Wesley Earl Craven (August 2, 1939 - August 30, 2015) was an American film director, producer and writer, and is the creator of many iconic and genre-defining horror films. He is probably best known for his creation of Freddy Krueger, the dream-haunting villain introduced in A Nightmare on Elm Street. He also found great success a decade later with the movie Scream, a Deconstruction of the slasher sub-genre that launched a slew of late 90's imitation horror films.
Born in Cleveland, Ohio, Craven was raised by a Baptist family and was reportedly a target for bullies (including one with the same name as his most famous creation). After leaving home, he gained an education in English Literature, Psychology, and Writing; he then married, and started a family. His marriage ended after five years, and his children left with his ex-wife. He moved to New York, and eventually directed The Last House on the Left, followed five years later by The Hills Have Eyes. The success of these movies made him a seminal name in horror cinema.
Additionally, he directed a lot of episodes of The Twilight Zone in the 80's.
His personal website is located here.
- The Last House on the Left (1972)
- The Hills Have Eyes (1977), and its original sequel (1985).
- Deadly Blessing (1981)
- Swamp Thing (1982)
- A Nightmare on Elm Street (1984) and its sixth sequel, New Nightmare (1994).
- Deadly Friend (1986)
- The Serpent and the Rainbow (1988)
- Shocker (1989)
- The People Under the Stairs (1991)
- A Vampire in Brooklyn (1995)
- Scream (1996), and all of its respective sequels.
- Music of the Heart (1999)
- They (2002)
- Cursed (2005)
- Red Eye (2005)
- My Soul to Take (2010)
- Action Girl - Nancy Thompson and Sidney Prescott being the most notable examples.

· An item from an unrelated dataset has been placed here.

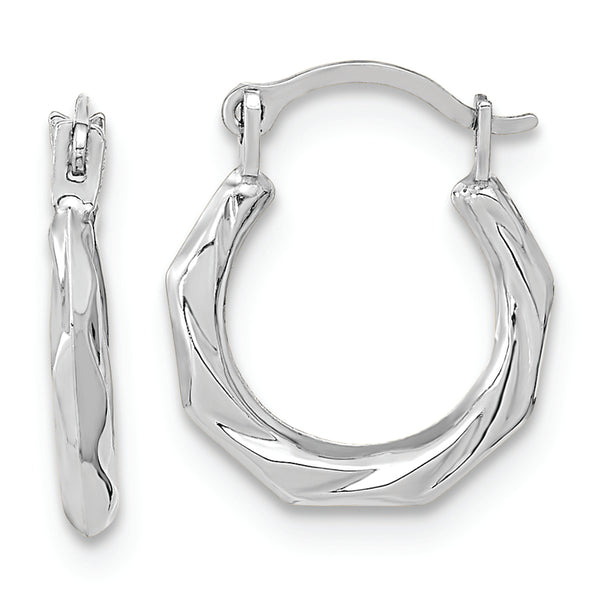 14K White Gold Polished Twist Hoop Earrings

- Adults Are Useless - Either that, or the adults are a serious part of the problem.
- Deconstruction - Scream was so successful that it made the 80's slasher impossible to take seriously anymore.

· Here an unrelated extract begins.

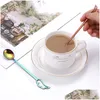 Cuillères en acier inoxydable Coffee Creative Feather Teater Gadget Tools Flatware Table Valoir Drop Livraison Home Garden Dining Bar DHH83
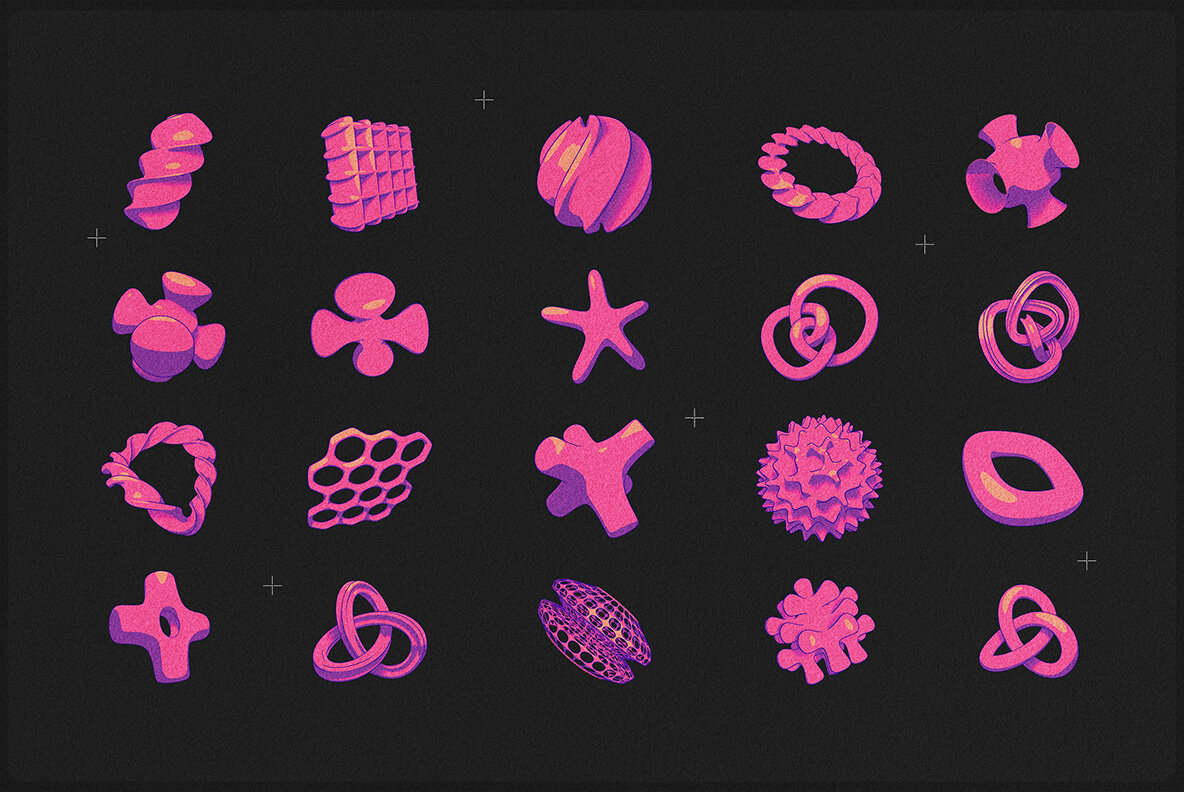 Toon Abstract 3D Shapes 6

- Family-Unfriendly Violence - Virtually all of his movies.
- Final Girl - In most films, although Shocker features a Final Guy.
- Gorn - A Nightmare on Elm Street, in particular.

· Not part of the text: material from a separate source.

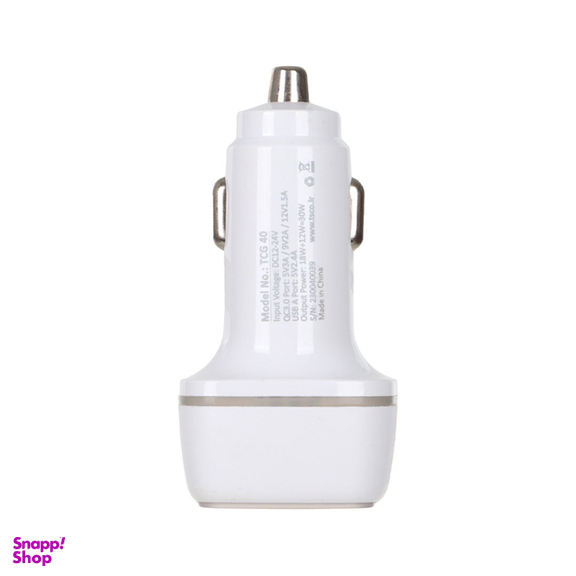 شارژر فندکی فست شارژ تسکو مدل TCG 40 به همراه کابل Type-C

- Post Modernism: New Nightmare and the Scream movies take this Up to Eleven.
- Rape as Drama - His characters tend to either be raped, are implied to be raped, are raped as a backstory, or are rapists themselves.
- Shout-Out:
- The Last House on the Left is a loose retelling (with a Setting Update) of Ingmar Bergman's The Virgin Spring.
- In one scene during A Nightmare on Elm Street, Sam Raimi's The Evil Dead is playing on a TV in the background, which itself is a Shout-Out to Sam Raimi putting a poster of Craven's The Hills Have Eyes in the background of The Evil Dead.
- Slasher Film - Two of the most famous examples, too.